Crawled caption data
____

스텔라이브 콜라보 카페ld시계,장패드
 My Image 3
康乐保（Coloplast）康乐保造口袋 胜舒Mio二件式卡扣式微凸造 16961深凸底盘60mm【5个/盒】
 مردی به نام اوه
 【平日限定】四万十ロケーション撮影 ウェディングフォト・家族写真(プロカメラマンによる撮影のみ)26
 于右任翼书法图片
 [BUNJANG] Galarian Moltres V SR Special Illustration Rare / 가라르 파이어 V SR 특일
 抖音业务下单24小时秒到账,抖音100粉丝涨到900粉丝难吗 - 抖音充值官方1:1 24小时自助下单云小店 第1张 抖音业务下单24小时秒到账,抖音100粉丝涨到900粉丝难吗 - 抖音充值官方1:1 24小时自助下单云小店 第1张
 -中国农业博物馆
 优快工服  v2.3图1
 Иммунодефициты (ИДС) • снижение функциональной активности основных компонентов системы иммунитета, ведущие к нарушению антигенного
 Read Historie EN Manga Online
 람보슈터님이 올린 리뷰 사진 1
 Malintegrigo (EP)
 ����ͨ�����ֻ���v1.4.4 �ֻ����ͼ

____

GOAL OF THE EXERCISE:
Beginning at the first line of the data above, retype each line until you reach the line containing "[BUNJANG] Galarian Moltres", and include that one too. Add nothing else.

RESULT FOR THIS EXERCISE:
스텔라이브 콜라보 카페ld시계,장패드
 My Image 3
康乐保（Coloplast）康乐保造口袋 胜舒Mio二件式卡扣式微凸造 16961深凸底盘60mm【5个/盒】
 مردی به نام اوه
 【平日限定】四万十ロケーション撮影 ウェディングフォト・家族写真(プロカメラマンによる撮影のみ)26
 于右任翼书法图片
 [BUNJANG] Galarian Moltres V SR Special Illustration Rare / 가라르 파이어 V SR 특일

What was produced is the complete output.